La scène révèle au sol un parquet ancien comme celui d’une salle de bal. Quand on lève les yeux, c’est plutôt un château du temps du cinéma muet, vide, et hanté ?
Concernant les neuf interprètes, on citera le danseur et chorégraphe Dominique Bagouet remarquant un jour qu’il travaillait jadis avec des danseurs, mais maintenant avec des êtres humains dansants. C’est ce qui frappe ici. D’ailleurs, il n’y a pas eu d’audition. Le chorégraphe a contacté les interprètes, expérimentés, de 40 à plus de 70 ans, qu’il connaît bien. Il déclare d’ailleurs : « Travailler avec des danseurs un peu plus mûrs, ça donne de la profondeur, ils ont une vraie personnalité sur scène. (…) Chez moi, ce qui est politique, c’est de montrer qu'un danseur de 70 ans, c'est extraordinaire. Il faut sortir des archétypes sur la beauté » (Sud Ouest, 10 avril 2025, ICI)

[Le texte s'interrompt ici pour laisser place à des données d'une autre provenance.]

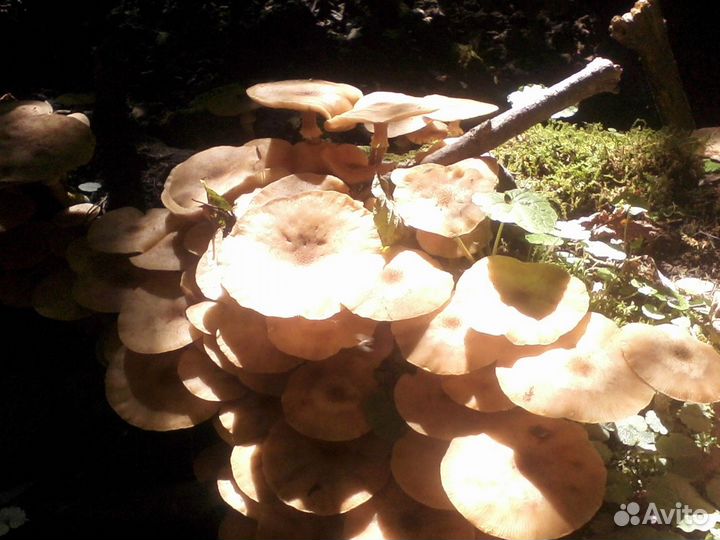 Грибы маринованные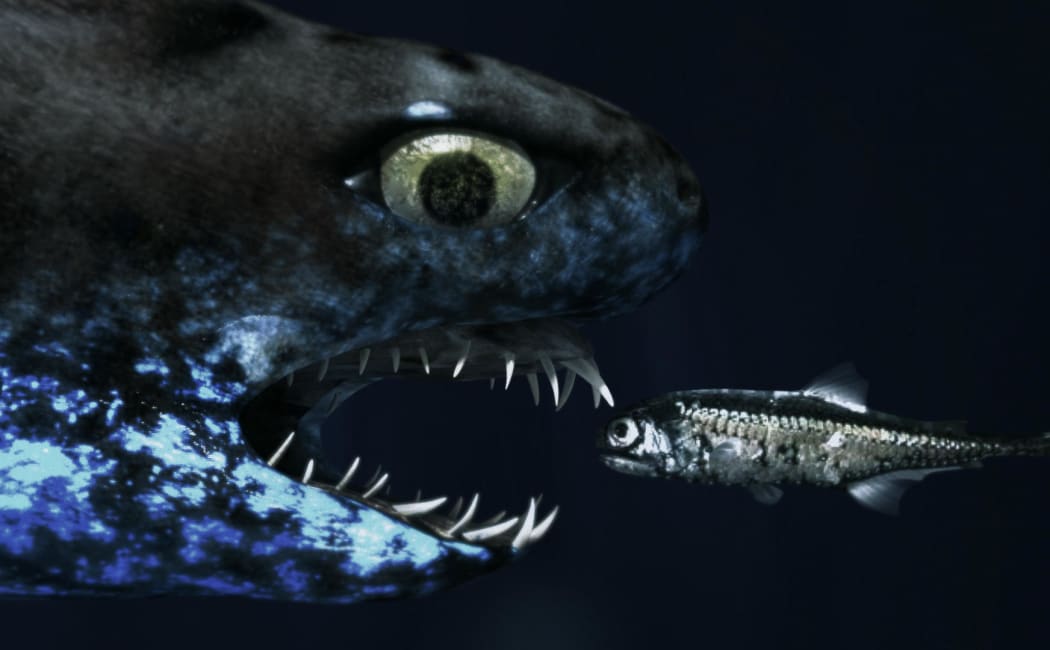 Glow-in-the-Dark Shark and Ghost Crab Discovered in Australia’s Deep Sea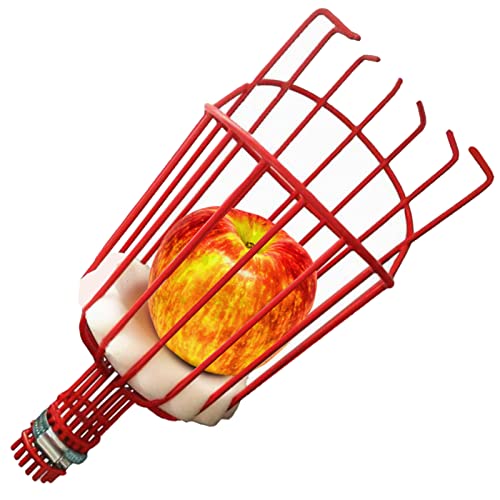 Bseical Obstpflücker mit Teleskopstiel, Apfelpflücker Korb Teleskopstange 1.6/2.4/3.6m, Kirschpflücker Erntehelfer Obst Pflücker, Obstfänger Greifer Äpfeln Beeren Garten Obsternter Metall (Ø 145mm) Bseical Obstpflücker mit Teleskopstiel, Apfelpflücker Korb Teleskopstange 1.6/2.4/3.6m, Kirschpflücker Erntehelfer Obst Pflücker, Obstfänger Greifer Äpfeln Beeren Garten Obsternter Metall (Ø 145mm) von Bseical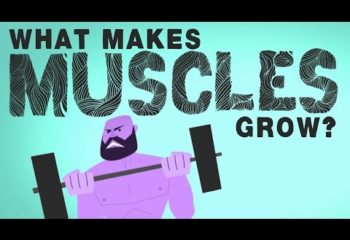 musclesgrow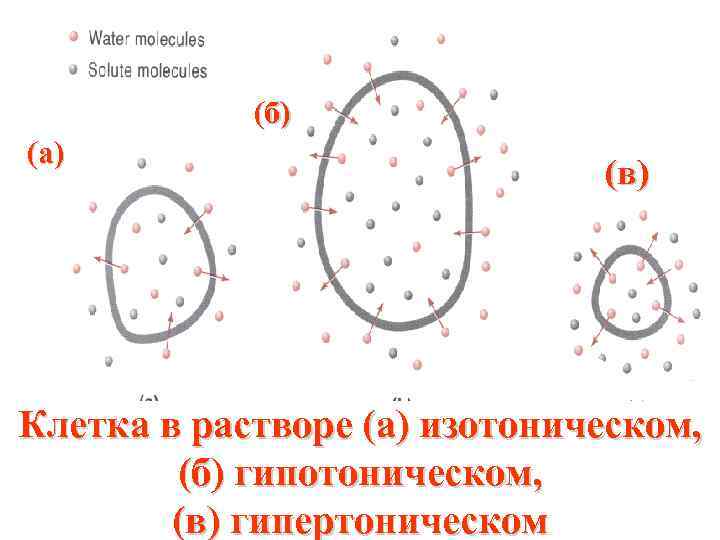 (б) (а) (в) Клетка в растворе (a) изотоническом, (б) гипотоническом, (в) гипертоническом 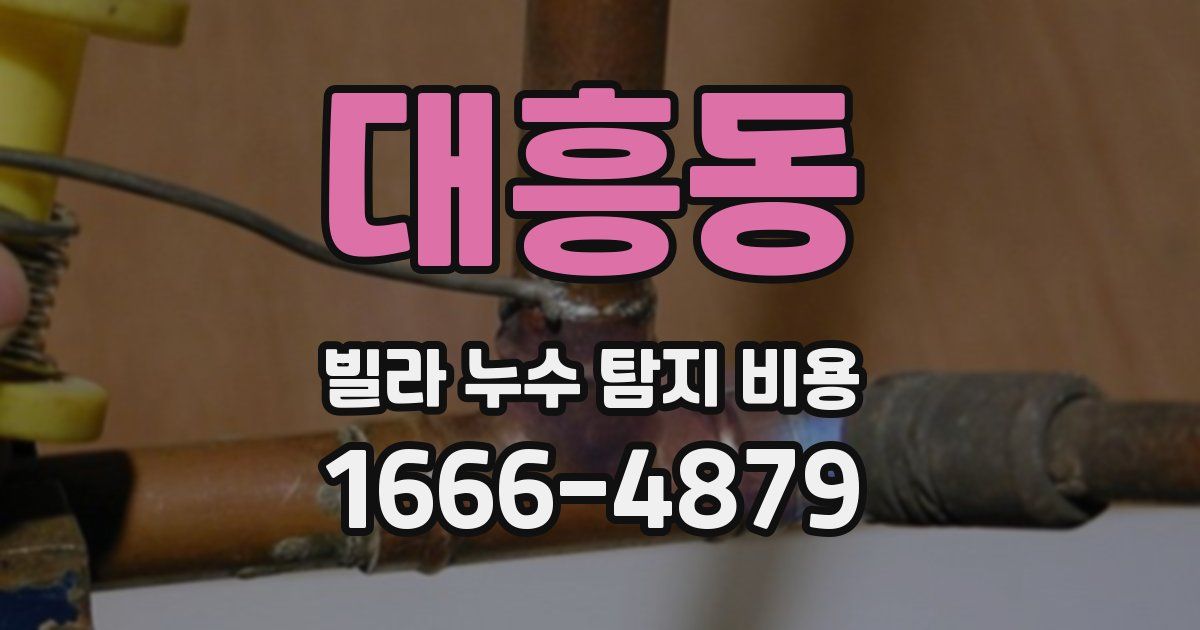 대흥동 빌라 누수 탐지 비용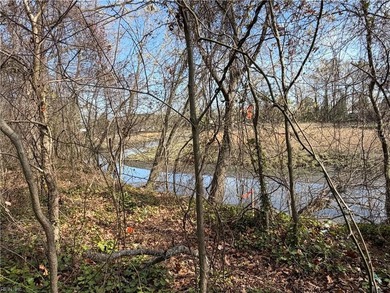 Beach Lot For Sale in Chesapeake, Virginia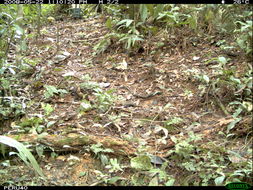 Image of Yellow-footed Tortoise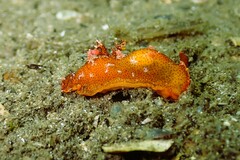 Plocamopherus imperialis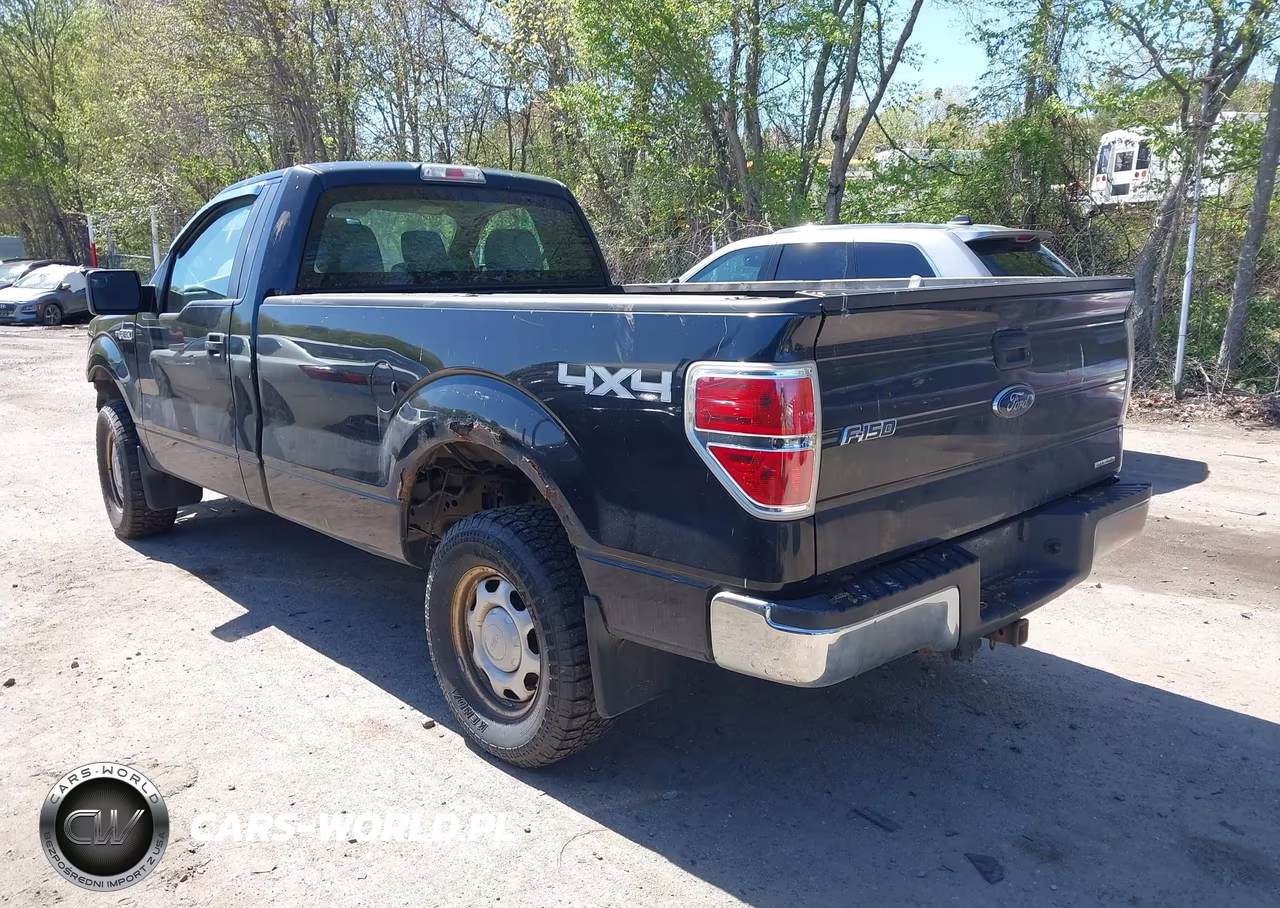 2013 Ford F-150 Xl VIN:1FTNF1EF2DKD12130 - 3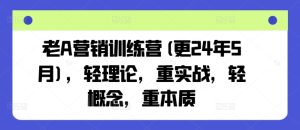老A营销训练营(更24年9月)，轻理论，重实战，轻概念，重本质-木子聊项目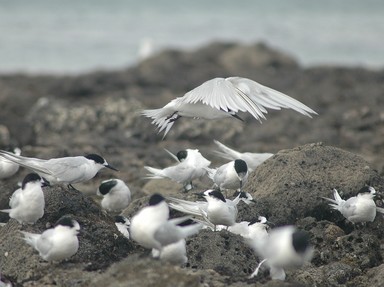 Peter MacDonald;Sea Birds fishing Milford Beach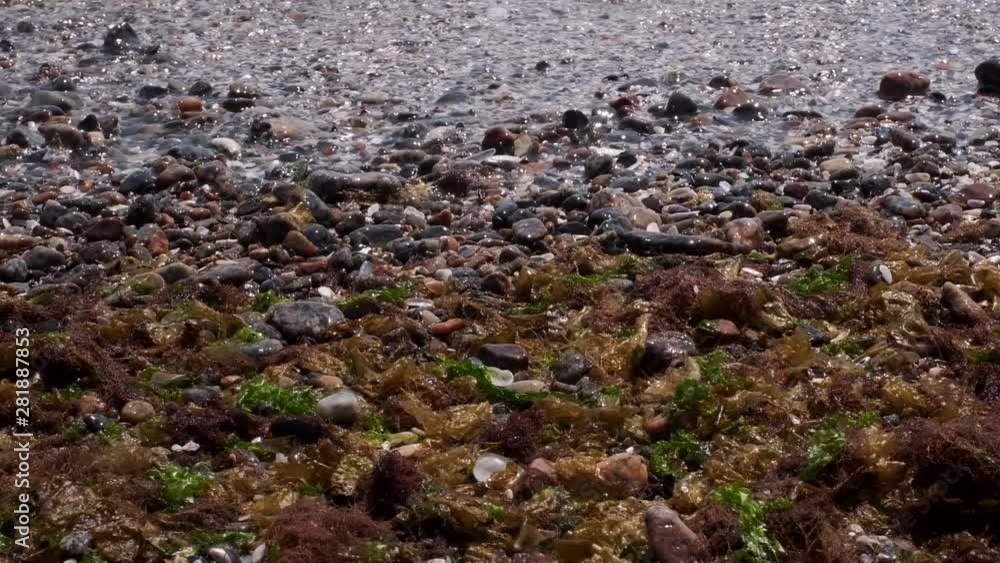Remains of seaweed on a pebble beach with the sea and waves in the background. Close-up, Full HD - 60fps Remains of seaweed on a pebble beach with the sea and waves in the background. Close-up, Full HD - 60fps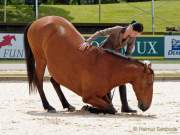 Pferd International 2022 - Vorschau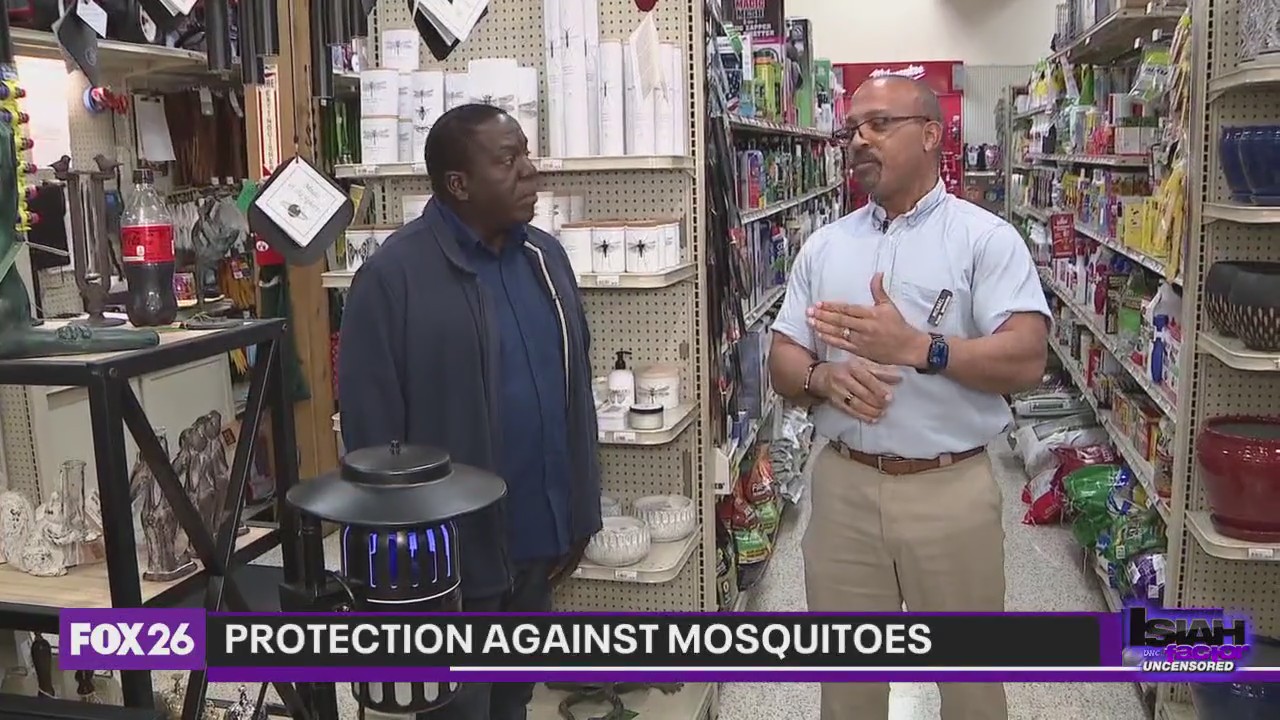Protection against mosquitoes in homes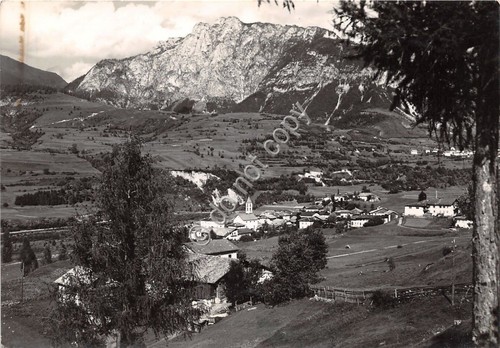 Cartolina - Postcard - Masi di Cavalese - Panorama - …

Il précise aussi un point important : « Mais après, c'est vrai que ce n'est pas mon truc de revendiquer des choses sur un plateau, je suis un saltimbanque et j'en suis content. J'aime cette dimension de divertissement. Il y a un trop grand écart entre le spectacle dit intelligent, culturel et le spectacle populaire. Le spectacle populaire tire trop sur des ficelles idiotes et le spectacle pointu refuse d'être spectaculaire. » (idem)
Dominique Boivin dans Entre-Temps, Photo Jean Vermeulen |
Il a aussi renouvelé son équipe qui l’entoure hors plateau, qu’il qualifiait lors de la précédente pièce, Stéréo, d‘« équipe exceptionnelle. On se connaît tous depuis des années », ne gardant que le décorateur Jean Rabasse.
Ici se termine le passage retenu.